-2

This is what I got now:

/{% if(.+?) %}(.*?){% endif %}/gusi

It catches multiple if statements etc just fine.

IMG: http://image.xesau.eu/2015-02-07_23-22-11.png

But when I do nested ones, so an if in an if, it stops at the first occurence of {% endif %}

IMG: http://image.xesau.eu/2015-02-08_09-29-43.png

Is there a way catch as many {% endif %} statements as there were {% if ... %} statements, and if so, how?

Xesau
  • 161
  • 1
  • 9
  • What language are you using? – Maroun Feb 08 '15 at 08:34
  • PHP Regular Expressions. (preg_ functions) I added that in the tags, but someone (@Michael9) said I'd better remove it. Will revert it. – Xesau Feb 08 '15 at 08:35
  • 4
    You *really* shouldn't be using regexen for this, a parser will do a much better and precise job. This looks like Twig syntax; if that's the case, Twig has a fantastic parser which you can hijack/extend/appropriate for this task. – deceze Feb 08 '15 at 08:39
  • @deceze That the exact purpose of it. I am trying to write a configurable template parser, which you can set up to read variables like for example {{ var }} or {$var} or however you want it. I though have never tried using blocks and stuff, seems too complicated for me xD – Xesau Feb 08 '15 at 08:40
  • Are you trying to match outermost `{% if(.+?) %}(.*?){% endif %}` or innermost one? – anubhava Feb 08 '15 at 08:46
  • Neither.
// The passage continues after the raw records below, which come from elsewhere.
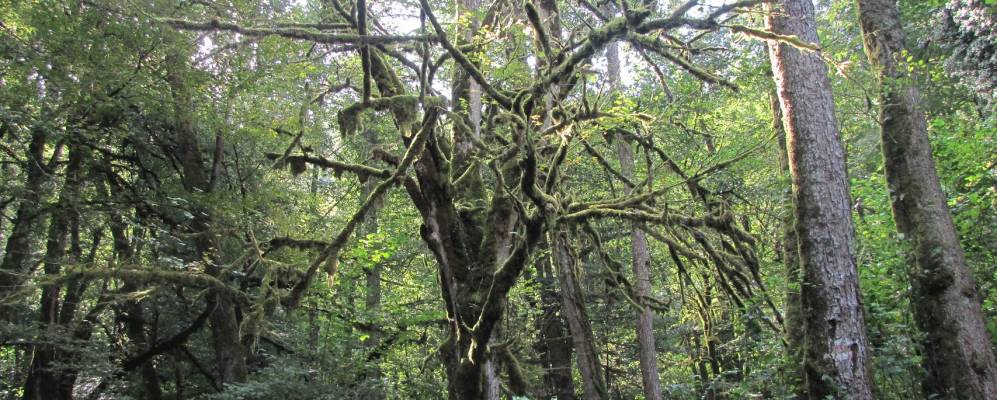 
            Фотография Бабук-Аула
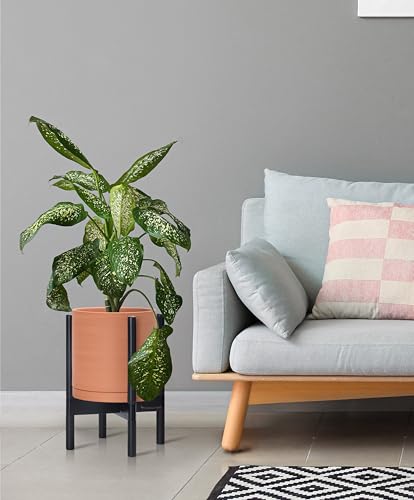 Terracotta Pot with Ebony Wood Stand (10 Inch / Terracotta Pot + Ebony Stand)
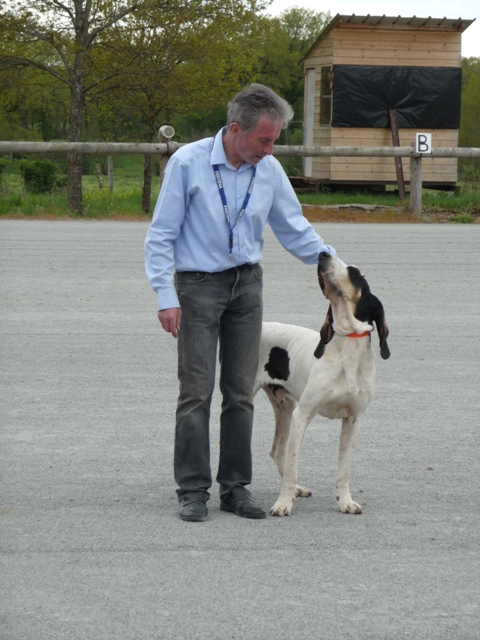 Régionale d'élevage 2016 dans la Creuse P1060423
I am trying to catch the nth `{% endif %}`, where `n` is the amount of `{% if ... %}`s – Xesau Feb 08 '15 at 08:47
  • 1
    It also looks similar to Smarty template syntax. If it's an existing template language, use the provided/native library/extension. If you're trying to roll your own template language, best to stop now before you run into the numerous further issues you'll encounter and use an existing template engine. Templating requires extensive focus and testing on possible input streams and needs very well-defined lexer/parser/tokenizer ruleset beyond a handful of simple regex expressions. – Anthony Feb 08 '15 at 09:03
  • @Anthony http://stackoverflow.com/questions/28392033/how-to-catch-nested-if-endif-statments-with-regex?noredirect=1#comment45121411_28392200 – Xesau Feb 08 '15 at 09:07
  • @anubhava Just re-reading your question. I misinterpreted it the first time. I am trying to match the outermost, yes. – Xesau Feb 08 '15 at 09:08

2 Answers2

5

Don't use regexen, use the existing Twig parser. Here's a sample of an extractor I wrote which parses for custom tags and extracts them: https://github.com/deceze/Twig-extensions/tree/master/lib/Twig/Extensions/Extension/Gettext

The job of the lexer is to turn Twig source code into objects; you can extend it if you need to hook into that process:

class My_Twig_Lexer extends Twig_Lexer {

    ...

    /**
     * Overrides lexComment by saving comment tokens into $this->commentTokens
     * instead of just ignoring them.
     */
    protected function lexComment() {
        if (!preg_match($this->regexes['lex_comment'], $this->code, $match, PREG_OFFSET_CAPTURE, $this->cursor)) {
            throw new Twig_Error_Syntax('Unclosed comment', $this->lineno, $this->filename);
        }
        $value = substr($this->code, $this->cursor, $match[0][1] - $this->cursor);
        $token = new Twig_Extensions_Extension_Gettext_Token(Twig_Extensions_Extension_Gettext_Token::COMMENT, $value, $this->lineno);
        $this->commentTokens[] = $token;
        $this->moveCursor($value . $match[0][0]);
    }

    ...

}

Typically Twig comment nodes are being discarded by Twig, this lexer saves them.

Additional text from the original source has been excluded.